【詳細データテスト】アストン マーティンDBX 絶対値よりバランス重視 自然なハンドリング 惚れるサウンド
公開 : 2020.11.07 11:50 更新 : 2020.11.14 16:49
意匠と技術 ★★★★★★★★☆☆
アストン マーティンの現在の経営陣は、100年以上にわたるクルマ造りの中で、DBXのように多用途性を持ったモデルを製作しようという試みが一度ならずあったという。
今回、新工場の設立と新型車の開発を並行して行ったわけだが、その資金調達は英国の株式市場を見回す限りもっとも無謀な部類に入るとみられていた。ところが、アストン マーティンは、そのきわめてタフな試みを成功させてみせた。
会長とCEO、そして大株主が入れ替わり、なにより最重要車種となるDBXの本格生産が、ウェールズはセントアサンの新設ファクトリーで開始されて3カ月ほどが経過した。
そのDBXには、アストンのスポーツカーやGTクーペと類似する要素がいくつもある。プラットフォームは完全新開発ながら、すべてアルミニウム素材で構成。押し出し材と鋳造材を組み合わせ、構造用接着剤で組み上げられる。結果、ライバル車たちより軽量かつ高剛性に仕上げられた。
このセグメントでもっともダイナミックなハンドリングカーを目指す上で、出発点としては最適解のはずだ。ところが、競合モデルと並べてみると、疑問も湧いてくる。公称2245kg、実測2328kgというウェイトは、たしかに2016年にテストした12気筒のベントレー・ベンテイガよりは軽い。しかし、昨年計測したランボルギーニ・ウルスに比べると重いのである。
アストン マーティン初のSUVであることはいうまでもないDBX。さらに、3気室式で最大95mmの車高調整が可能なエアスプリング、48V電装系とそれを利したアクティブスタビライザーも、初めて導入したクルマだ。なお、サスペンションはフロントがダブルウィッシュボーン、リアがマルチリンクを採用する。
パワートレインは、メルセデスAMG製の4.0LツインターボV8をモディファイしたもの。ベースユニットより圧縮比を下げ、ターボチャージャーと冷却システムに手が入っている。

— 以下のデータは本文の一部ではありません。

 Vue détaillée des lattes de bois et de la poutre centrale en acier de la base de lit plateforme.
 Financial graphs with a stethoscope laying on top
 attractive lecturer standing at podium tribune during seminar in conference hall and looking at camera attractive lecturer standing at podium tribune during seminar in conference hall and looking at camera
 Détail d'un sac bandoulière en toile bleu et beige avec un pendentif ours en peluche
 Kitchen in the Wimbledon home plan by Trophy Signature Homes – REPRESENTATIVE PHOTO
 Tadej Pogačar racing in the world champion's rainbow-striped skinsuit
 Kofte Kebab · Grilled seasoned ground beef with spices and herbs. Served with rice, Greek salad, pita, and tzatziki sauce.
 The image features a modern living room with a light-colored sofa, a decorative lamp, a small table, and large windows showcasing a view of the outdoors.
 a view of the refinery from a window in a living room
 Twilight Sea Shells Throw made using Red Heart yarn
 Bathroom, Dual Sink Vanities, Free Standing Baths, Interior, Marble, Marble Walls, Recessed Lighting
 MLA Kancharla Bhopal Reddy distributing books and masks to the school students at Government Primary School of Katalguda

ピークパワーは550psと、ライバル車より魅力的な数字とはいえないが、主要マーケットと見込まれる中国における排気量ベースの税制を勘案すれば、ゲイドンがなぜこのエンジンを選択したのか理解できる。おそらく、今後の展開としてプラグインハイブリッドが続き、火を吹くようなV12は切り札として残しておくはずだ。
トランスミッションはメルセデス製9速トルコンATで、アストンの他モデルが搭載するZF製8速ギアボックスは見送りとなった。V8の最大トルクは71.3kg-mだが、これはトランスミッションのトルク容量の上限が理由だ、というのがもっぱらの噂である。
このトランスミッションと高められた低速トルクにより、牽引重量は際大2700kgに達する。アクティブ制御のセンターデフは、ほぼ100%の駆動力をリアへ伝送することが可能。リアデフは、左右輪へのトルク配分を電子制御するe-LSDとなっている。